EXERCISE INPUT —
=== Section Start ===

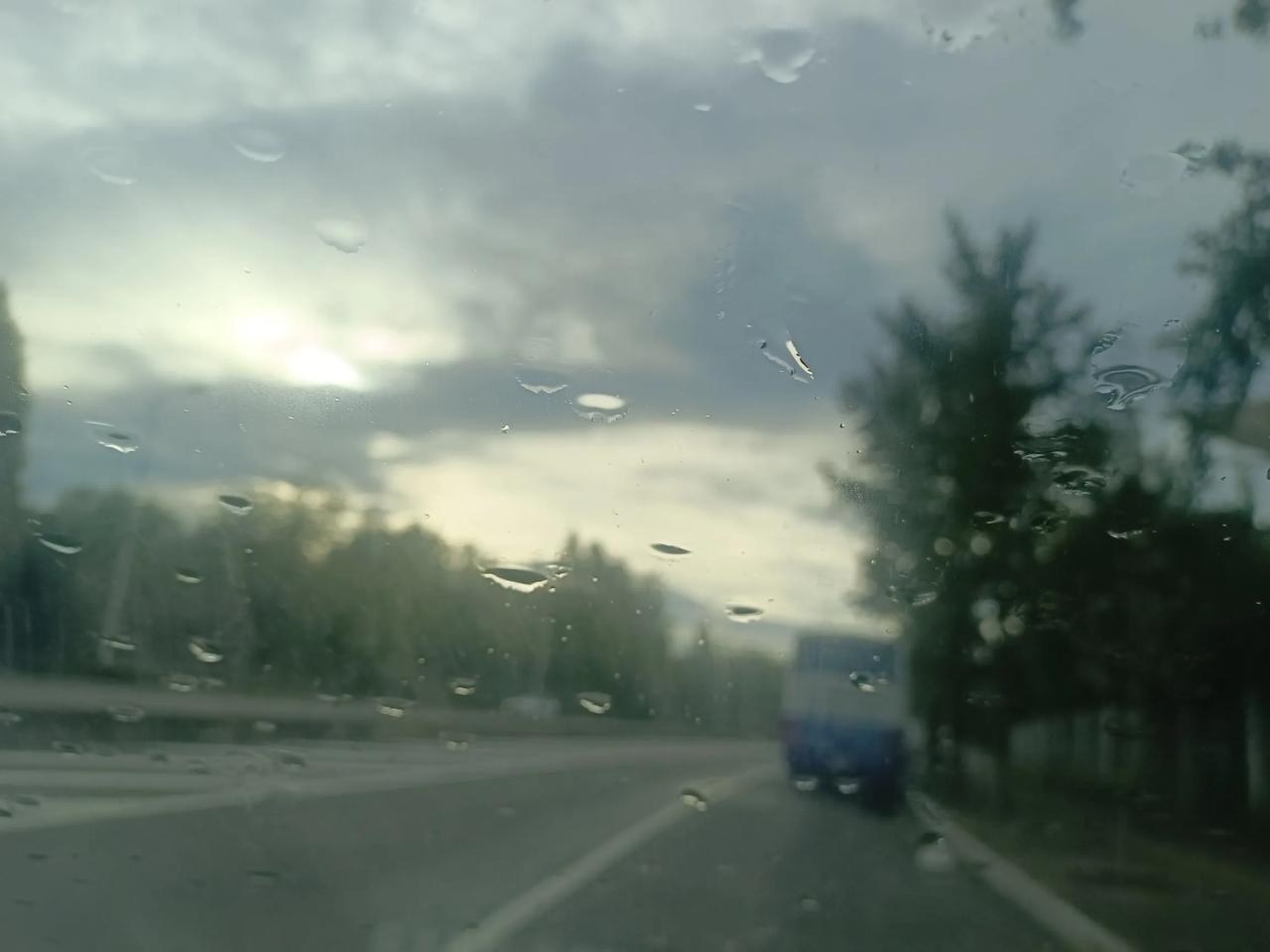 这雨说来就来，不说来它也来。[流泪][流泪][流泪][流泪]下点雨还冷得 大雨来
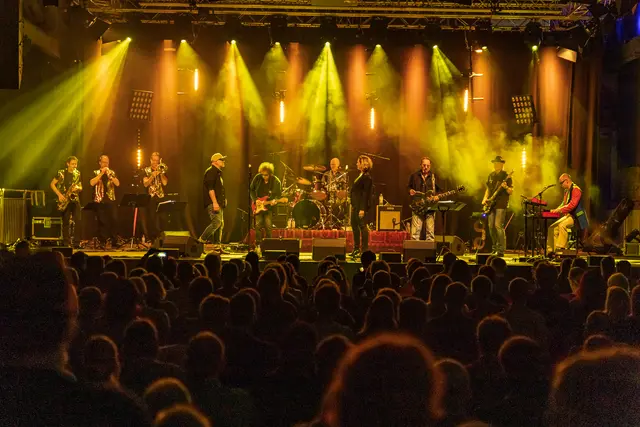 Die SoulBand sorgt für Stimmung in Thier. | Foto: Thomas Wirczikowski
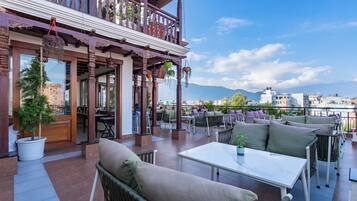 Breakfast, lunch, dinner served; American cuisine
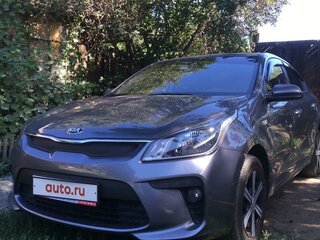 2019 Kia Rio IV, серый, 1450000 рублей, вид 1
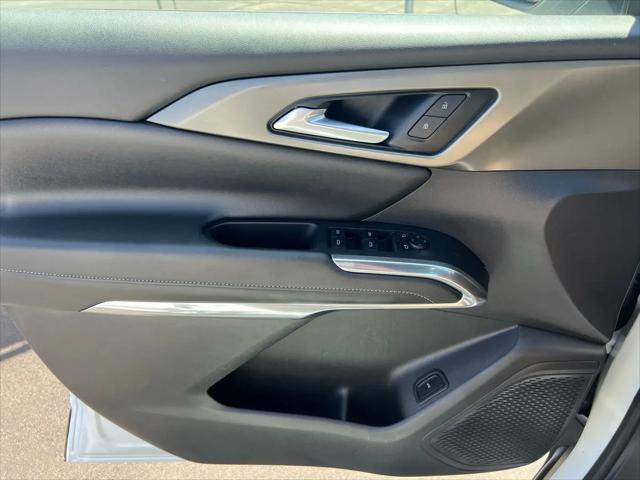 2025 Chevrolet Traverse AWD LT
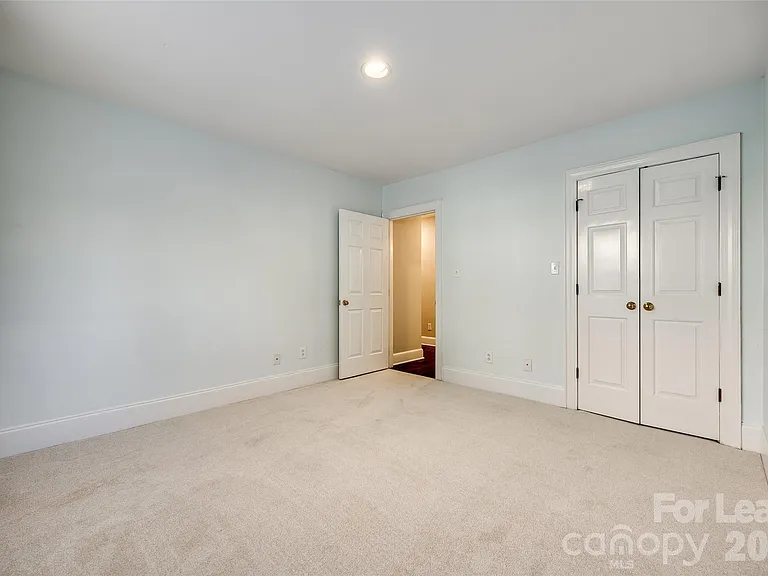 2220 Roswell Ave — Photo 15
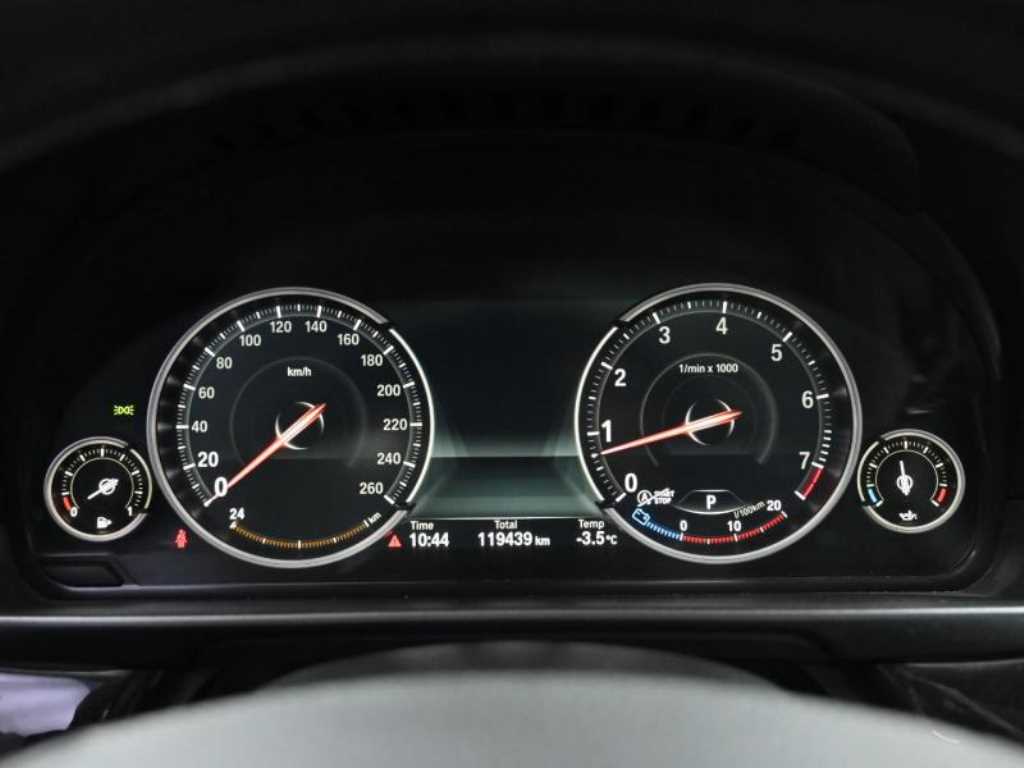 BMW 5 Series - Vista 8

=== Section End ===

EXERCISE DIRECTIONS — Ignore the images and quote every line of the listing exactly.

EXPECTED OUTPUT —
 这雨说来就来，不说来它也来。[流泪][流泪][流泪][流泪]下点雨还冷得 大雨来
 Die SoulBand sorgt für Stimmung in Thier. | Foto: Thomas Wirczikowski
 Breakfast, lunch, dinner served; American cuisine
 2019 Kia Rio IV, серый, 1450000 рублей, вид 1
 2025 Chevrolet Traverse AWD LT
 2220 Roswell Ave — Photo 15
 BMW 5 Series - Vista 8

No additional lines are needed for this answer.